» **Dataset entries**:
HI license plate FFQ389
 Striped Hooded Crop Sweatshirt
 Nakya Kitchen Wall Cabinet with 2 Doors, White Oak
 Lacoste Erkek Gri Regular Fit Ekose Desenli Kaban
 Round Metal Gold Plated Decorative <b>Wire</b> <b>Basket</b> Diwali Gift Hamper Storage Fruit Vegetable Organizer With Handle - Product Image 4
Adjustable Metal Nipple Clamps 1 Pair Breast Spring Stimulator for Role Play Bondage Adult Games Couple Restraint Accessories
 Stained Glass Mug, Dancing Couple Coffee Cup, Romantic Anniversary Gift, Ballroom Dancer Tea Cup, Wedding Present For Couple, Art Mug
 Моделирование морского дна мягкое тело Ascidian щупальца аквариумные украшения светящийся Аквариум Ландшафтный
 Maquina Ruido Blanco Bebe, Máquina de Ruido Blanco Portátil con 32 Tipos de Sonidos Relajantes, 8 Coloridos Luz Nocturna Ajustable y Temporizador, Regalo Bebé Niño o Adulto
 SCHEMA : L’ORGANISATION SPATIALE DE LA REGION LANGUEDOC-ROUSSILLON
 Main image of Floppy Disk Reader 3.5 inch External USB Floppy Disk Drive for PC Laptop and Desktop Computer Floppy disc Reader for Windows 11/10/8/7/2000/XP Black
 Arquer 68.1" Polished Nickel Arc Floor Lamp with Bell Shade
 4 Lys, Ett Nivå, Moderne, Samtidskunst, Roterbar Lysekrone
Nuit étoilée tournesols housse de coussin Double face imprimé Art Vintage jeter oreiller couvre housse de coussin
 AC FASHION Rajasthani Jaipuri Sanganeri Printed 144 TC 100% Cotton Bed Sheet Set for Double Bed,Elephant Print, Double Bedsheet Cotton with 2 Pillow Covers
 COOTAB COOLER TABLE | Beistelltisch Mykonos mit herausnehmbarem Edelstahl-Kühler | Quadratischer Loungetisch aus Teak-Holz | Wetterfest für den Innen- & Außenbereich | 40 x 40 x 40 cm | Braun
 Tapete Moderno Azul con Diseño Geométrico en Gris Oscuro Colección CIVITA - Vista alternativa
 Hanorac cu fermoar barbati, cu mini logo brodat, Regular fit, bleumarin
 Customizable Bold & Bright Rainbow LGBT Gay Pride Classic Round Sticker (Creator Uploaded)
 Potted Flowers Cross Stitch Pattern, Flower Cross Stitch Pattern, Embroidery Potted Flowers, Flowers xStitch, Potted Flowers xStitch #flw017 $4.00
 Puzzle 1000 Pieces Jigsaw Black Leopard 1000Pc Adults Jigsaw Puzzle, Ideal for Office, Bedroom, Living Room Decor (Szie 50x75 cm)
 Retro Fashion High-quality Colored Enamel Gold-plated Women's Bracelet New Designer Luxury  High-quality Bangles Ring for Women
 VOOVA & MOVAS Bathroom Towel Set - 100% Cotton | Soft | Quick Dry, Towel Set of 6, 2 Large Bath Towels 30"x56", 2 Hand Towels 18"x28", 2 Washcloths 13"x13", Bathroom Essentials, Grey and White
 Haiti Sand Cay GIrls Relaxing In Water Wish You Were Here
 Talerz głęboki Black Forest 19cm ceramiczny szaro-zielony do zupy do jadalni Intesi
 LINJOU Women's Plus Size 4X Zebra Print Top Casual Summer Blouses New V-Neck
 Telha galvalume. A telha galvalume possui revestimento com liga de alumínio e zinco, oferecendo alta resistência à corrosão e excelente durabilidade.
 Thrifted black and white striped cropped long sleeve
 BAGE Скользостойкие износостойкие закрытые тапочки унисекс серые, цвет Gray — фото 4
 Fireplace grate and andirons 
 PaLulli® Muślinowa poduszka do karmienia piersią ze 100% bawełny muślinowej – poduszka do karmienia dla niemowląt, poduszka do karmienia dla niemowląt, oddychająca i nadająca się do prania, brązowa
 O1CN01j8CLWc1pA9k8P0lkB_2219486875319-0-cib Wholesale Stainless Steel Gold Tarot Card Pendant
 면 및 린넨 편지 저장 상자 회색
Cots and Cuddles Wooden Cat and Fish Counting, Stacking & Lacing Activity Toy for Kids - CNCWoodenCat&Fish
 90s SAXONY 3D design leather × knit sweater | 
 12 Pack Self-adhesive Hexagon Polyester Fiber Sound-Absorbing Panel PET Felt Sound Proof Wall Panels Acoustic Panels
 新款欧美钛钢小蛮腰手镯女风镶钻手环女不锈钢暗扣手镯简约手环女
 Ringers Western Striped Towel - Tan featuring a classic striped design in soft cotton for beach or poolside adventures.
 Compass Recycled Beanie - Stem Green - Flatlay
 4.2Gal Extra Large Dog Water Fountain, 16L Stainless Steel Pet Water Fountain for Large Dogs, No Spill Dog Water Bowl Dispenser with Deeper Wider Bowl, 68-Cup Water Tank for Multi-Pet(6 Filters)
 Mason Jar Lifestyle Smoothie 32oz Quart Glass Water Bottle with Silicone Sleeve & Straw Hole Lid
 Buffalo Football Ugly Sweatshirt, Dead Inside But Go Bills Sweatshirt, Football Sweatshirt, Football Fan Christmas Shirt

» **PROBLEM DETAILS**: This task calls for an exact reproduction of the lines that start at the one containing "Retro Fashion High-quality" and continue to the end of the entries above.

» **TASK ANSWER**:
 Retro Fashion High-quality Colored Enamel Gold-plated Women's Bracelet New Designer Luxury  High-quality Bangles Ring for Women
 VOOVA & MOVAS Bathroom Towel Set - 100% Cotton | Soft | Quick Dry, Towel Set of 6, 2 Large Bath Towels 30"x56", 2 Hand Towels 18"x28", 2 Washcloths 13"x13", Bathroom Essentials, Grey and White
 Haiti Sand Cay GIrls Relaxing In Water Wish You Were Here
 Talerz głęboki Black Forest 19cm ceramiczny szaro-zielony do zupy do jadalni Intesi
 LINJOU Women's Plus Size 4X Zebra Print Top Casual Summer Blouses New V-Neck
 Telha galvalume. A telha galvalume possui revestimento com liga de alumínio e zinco, oferecendo alta resistência à corrosão e excelente durabilidade.
 Thrifted black and white striped cropped long sleeve
 BAGE Скользостойкие износостойкие закрытые тапочки унисекс серые, цвет Gray — фото 4
 Fireplace grate and andirons 
 PaLulli® Muślinowa poduszka do karmienia piersią ze 100% bawełny muślinowej – poduszka do karmienia dla niemowląt, poduszka do karmienia dla niemowląt, oddychająca i nadająca się do prania, brązowa
 O1CN01j8CLWc1pA9k8P0lkB_2219486875319-0-cib Wholesale Stainless Steel Gold Tarot Card Pendant
 면 및 린넨 편지 저장 상자 회색
Cots and Cuddles Wooden Cat and Fish Counting, Stacking & Lacing Activity Toy for Kids - CNCWoodenCat&Fish
 90s SAXONY 3D design leather × knit sweater | 
 12 Pack Self-adhesive Hexagon Polyester Fiber Sound-Absorbing Panel PET Felt Sound Proof Wall Panels Acoustic Panels
 新款欧美钛钢小蛮腰手镯女风镶钻手环女不锈钢暗扣手镯简约手环女
 Ringers Western Striped Towel - Tan featuring a classic striped design in soft cotton for beach or poolside adventures.
 Compass Recycled Beanie - Stem Green - Flatlay
 4.2Gal Extra Large Dog Water Fountain, 16L Stainless Steel Pet Water Fountain for Large Dogs, No Spill Dog Water Bowl Dispenser with Deeper Wider Bowl, 68-Cup Water Tank for Multi-Pet(6 Filters)
 Mason Jar Lifestyle Smoothie 32oz Quart Glass Water Bottle with Silicone Sleeve & Straw Hole Lid
 Buffalo Football Ugly Sweatshirt, Dead Inside But Go Bills Sweatshirt, Football Sweatshirt, Football Fan Christmas Shirt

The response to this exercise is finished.